Take the listing from its first line through the line that contains "2UUL PW42/PW41 Power" and please retype those lines exactly, leaving out the pictures.
········
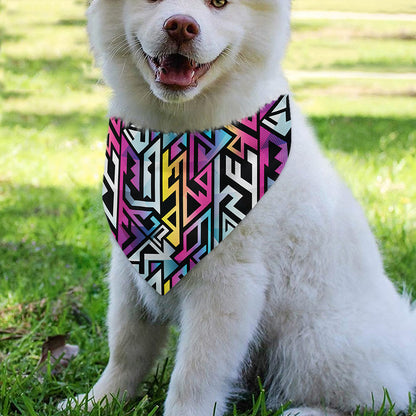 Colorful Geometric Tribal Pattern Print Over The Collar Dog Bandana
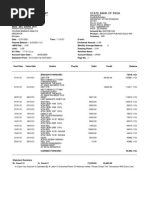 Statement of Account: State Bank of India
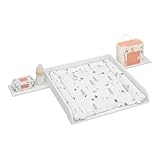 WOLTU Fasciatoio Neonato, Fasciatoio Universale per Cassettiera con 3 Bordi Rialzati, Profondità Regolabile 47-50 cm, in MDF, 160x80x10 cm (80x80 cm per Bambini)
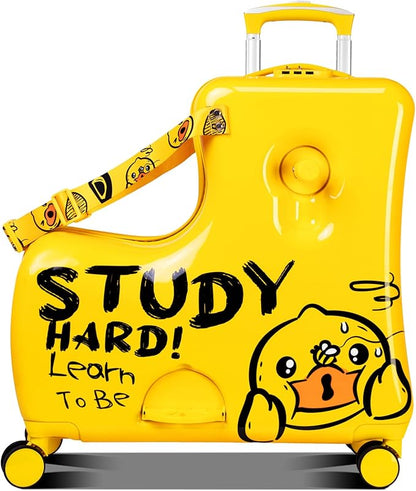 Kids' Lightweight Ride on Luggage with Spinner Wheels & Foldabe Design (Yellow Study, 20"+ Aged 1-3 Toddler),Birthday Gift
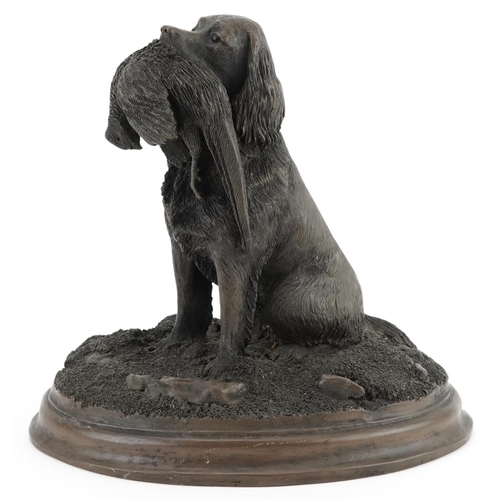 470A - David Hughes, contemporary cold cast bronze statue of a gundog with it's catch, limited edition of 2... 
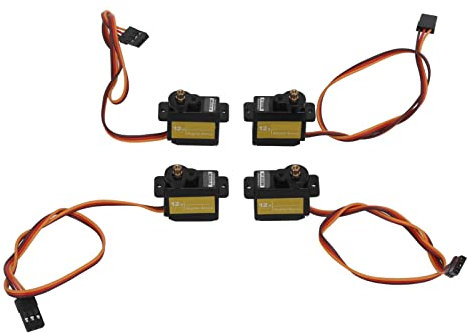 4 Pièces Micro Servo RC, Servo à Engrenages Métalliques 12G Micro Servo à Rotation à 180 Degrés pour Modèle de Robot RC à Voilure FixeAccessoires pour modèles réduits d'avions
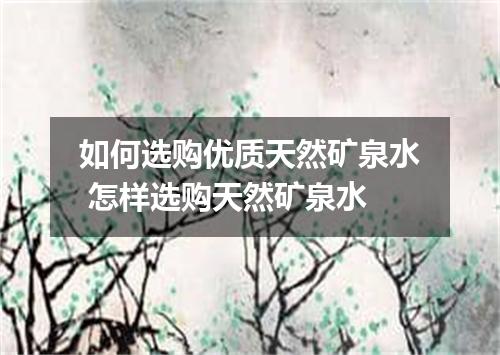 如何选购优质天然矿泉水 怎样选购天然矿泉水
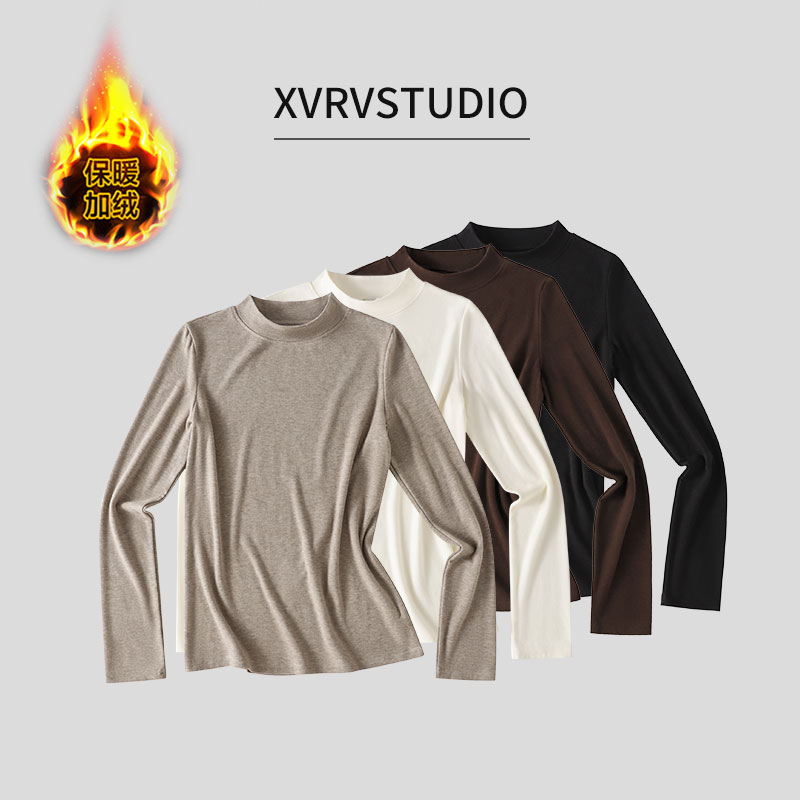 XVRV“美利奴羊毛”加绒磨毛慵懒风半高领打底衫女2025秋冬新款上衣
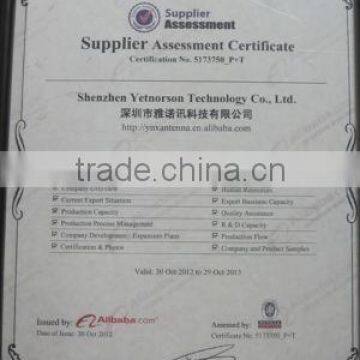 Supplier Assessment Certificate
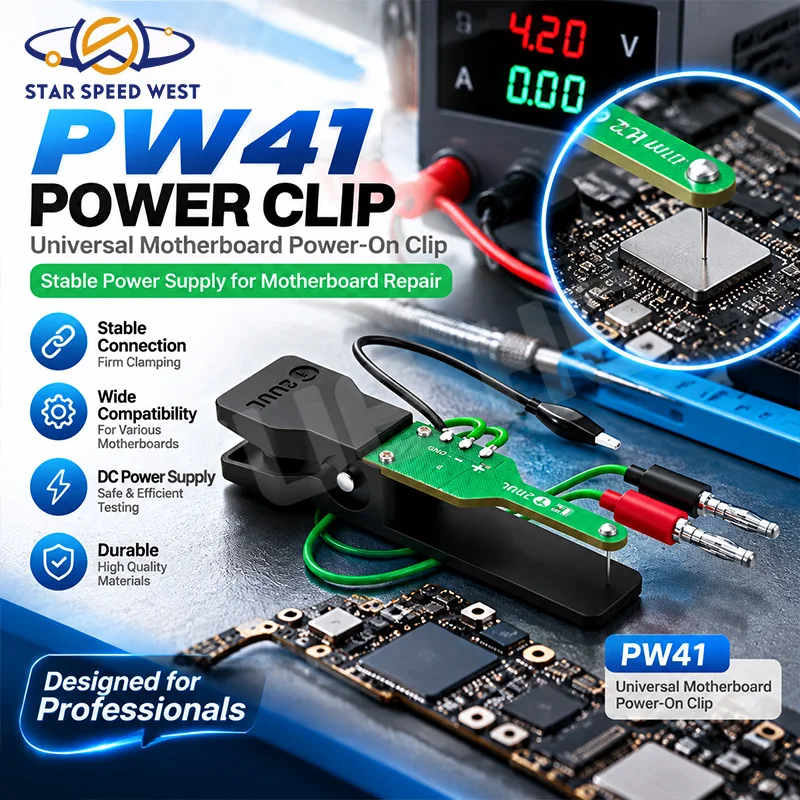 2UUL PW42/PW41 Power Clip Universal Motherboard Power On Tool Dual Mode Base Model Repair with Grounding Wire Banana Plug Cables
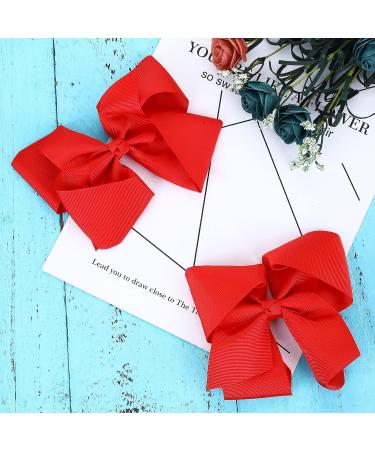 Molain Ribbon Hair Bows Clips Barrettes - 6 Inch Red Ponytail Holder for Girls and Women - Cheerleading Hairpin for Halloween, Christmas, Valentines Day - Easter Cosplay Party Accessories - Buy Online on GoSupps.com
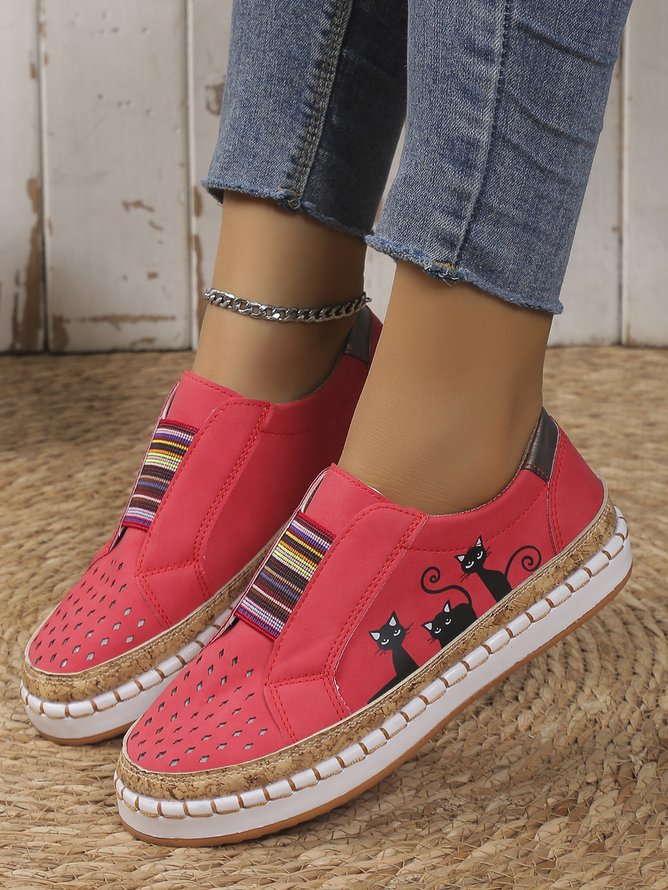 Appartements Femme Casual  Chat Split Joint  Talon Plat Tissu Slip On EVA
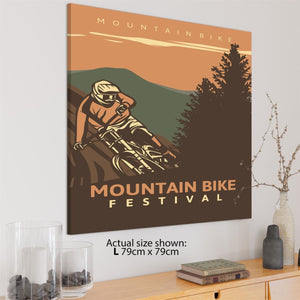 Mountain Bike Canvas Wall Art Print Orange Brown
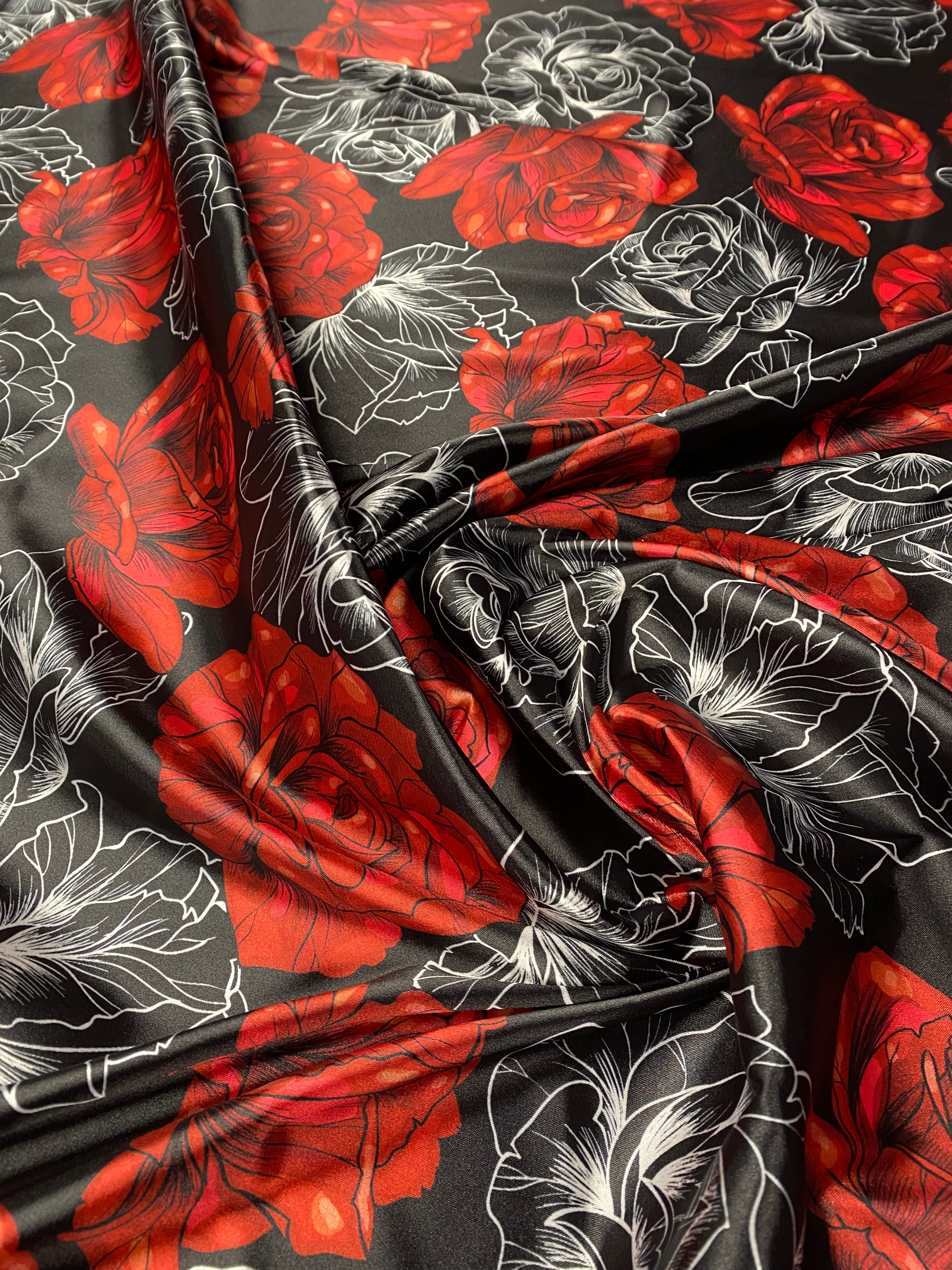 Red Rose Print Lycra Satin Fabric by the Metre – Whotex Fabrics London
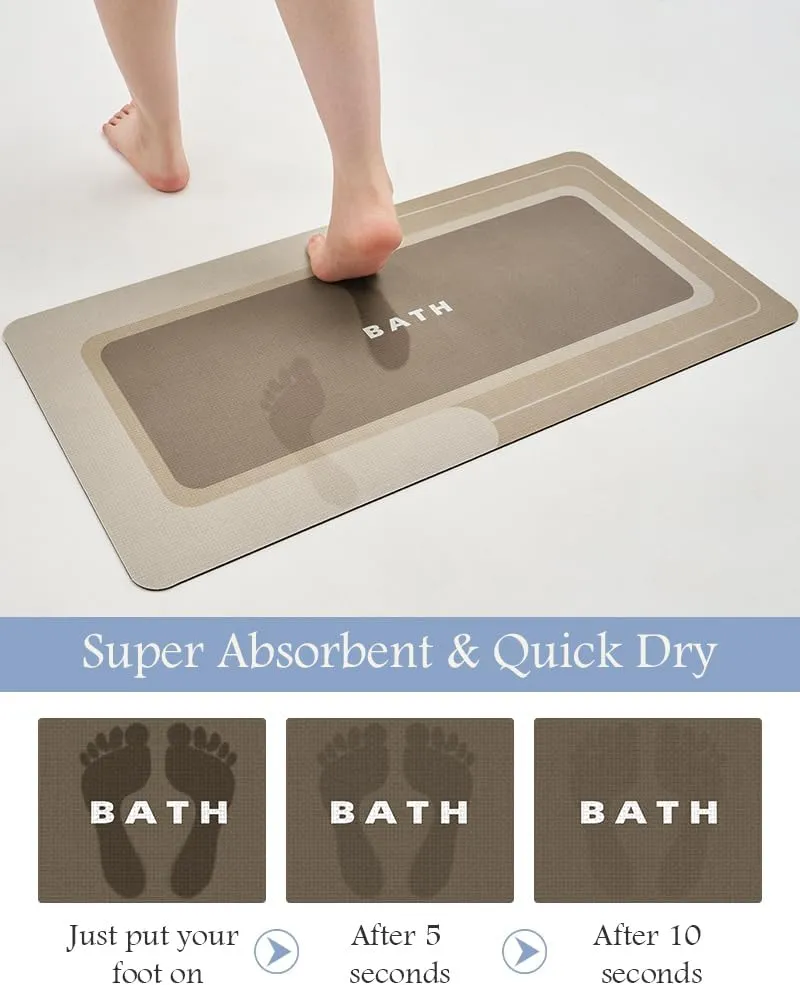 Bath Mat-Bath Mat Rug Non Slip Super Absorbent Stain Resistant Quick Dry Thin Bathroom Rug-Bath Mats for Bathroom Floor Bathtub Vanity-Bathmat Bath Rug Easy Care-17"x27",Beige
········
## WORKED SOLUTION
 Colorful Geometric Tribal Pattern Print Over The Collar Dog Bandana
 Statement of Account: State Bank of India
 WOLTU Fasciatoio Neonato, Fasciatoio Universale per Cassettiera con 3 Bordi Rialzati, Profondità Regolabile 47-50 cm, in MDF, 160x80x10 cm (80x80 cm per Bambini)
 Kids' Lightweight Ride on Luggage with Spinner Wheels & Foldabe Design (Yellow Study, 20"+ Aged 1-3 Toddler),Birthday Gift
 470A - David Hughes, contemporary cold cast bronze statue of a gundog with it's catch, limited edition of 2... 
 4 Pièces Micro Servo RC, Servo à Engrenages Métalliques 12G Micro Servo à Rotation à 180 Degrés pour Modèle de Robot RC à Voilure FixeAccessoires pour modèles réduits d'avions
 如何选购优质天然矿泉水 怎样选购天然矿泉水
 XVRV“美利奴羊毛”加绒磨毛慵懒风半高领打底衫女2025秋冬新款上衣
 Supplier Assessment Certificate
 2UUL PW42/PW41 Power Clip Universal Motherboard Power On Tool Dual Mode Base Model Repair with Grounding Wire Banana Plug Cables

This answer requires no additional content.